You can see a token as an integer identifying a set of chars taken from the input, but there are more formal token definitions in the internet. When a sequence of chars matches a pattern, a token is generated and passed to the scanner. The token (usually an integer) identifies which pattern has matched the input.

The Token Class

Instead of just storing an integer for the matched pattern, Blex uses a Token class, to store much more information. The token value will be called id.

Note: Blex uses a string to store the Token ID.

Traditionally, scanners return an integer as the Token ID. Blex uses strings. So will be a string like identifier or integer, not a numeric value.


The Token class has the following properties:

  • Contains the string name you defined for the matched pattern (yes, this is the token itself). E.g. 'INTEGER'
  • Token.text: Contains the lexeme (chars) matched for the pattern. It's equivalent to flex yy_text value.
  • Token.value: Contains the numerical value for the matched pattern. E.g. if Token.text is '32.5', Token.value will be 32.5. Defaults to None if Token.text does not represent a valid floating point number. You can directly read and change this attribute as desired.
  • Token.hook: Is a function that will be called when the pattern has been matched. It this function return False, then the Blex will discard this token (e.g. it won't be passed to the parser). This is useful, for example, to discard whitespaces, tabs or comments. If the hook returns None, then the scanner will discard the token and rollback the input buffer, trying another pattern. It's similar to Lex REJECT action.

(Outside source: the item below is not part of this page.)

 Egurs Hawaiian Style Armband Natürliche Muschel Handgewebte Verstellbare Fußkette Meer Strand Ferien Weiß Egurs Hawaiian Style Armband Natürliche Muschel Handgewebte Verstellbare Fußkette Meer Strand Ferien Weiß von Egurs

The hook defaults to None which means no function will be called and the token will be passed to the parser as is. The hook must return the Token instance that will be sent to the parser. When you implement a hook, you can return a completely different Token instance, thus having a lot of control over which tokens are really returned.

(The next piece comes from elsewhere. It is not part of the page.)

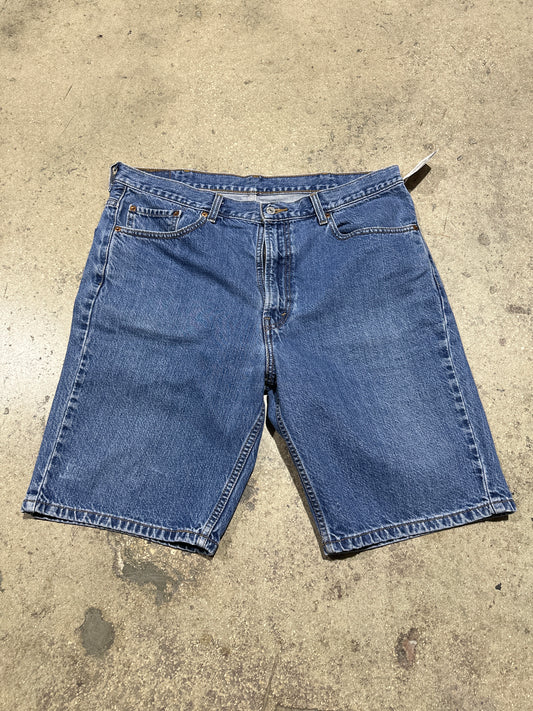 Levis 505 Denim Shorts - Blue Size 38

There are 2 predefined hooks:

  • Token.skip which will cause the input pattern to be always skipped, and
  • Token.reject which will cause the matched input to be always rejected and try another match.

See Token hook for more information.

Creating a Token

A Token instance can be created invoking its constructor:

token = Token('SPACE', ' ')  # A Space

Or more interesting:

left_par = Token('LP', '(') # a Token instance for Left Parenthesis
right_par = Token('RP', ')') # a Token instance for Right Parenthesis

You mostly don't want to create Tokens yourself, unless returning a different Token instance from within a hook.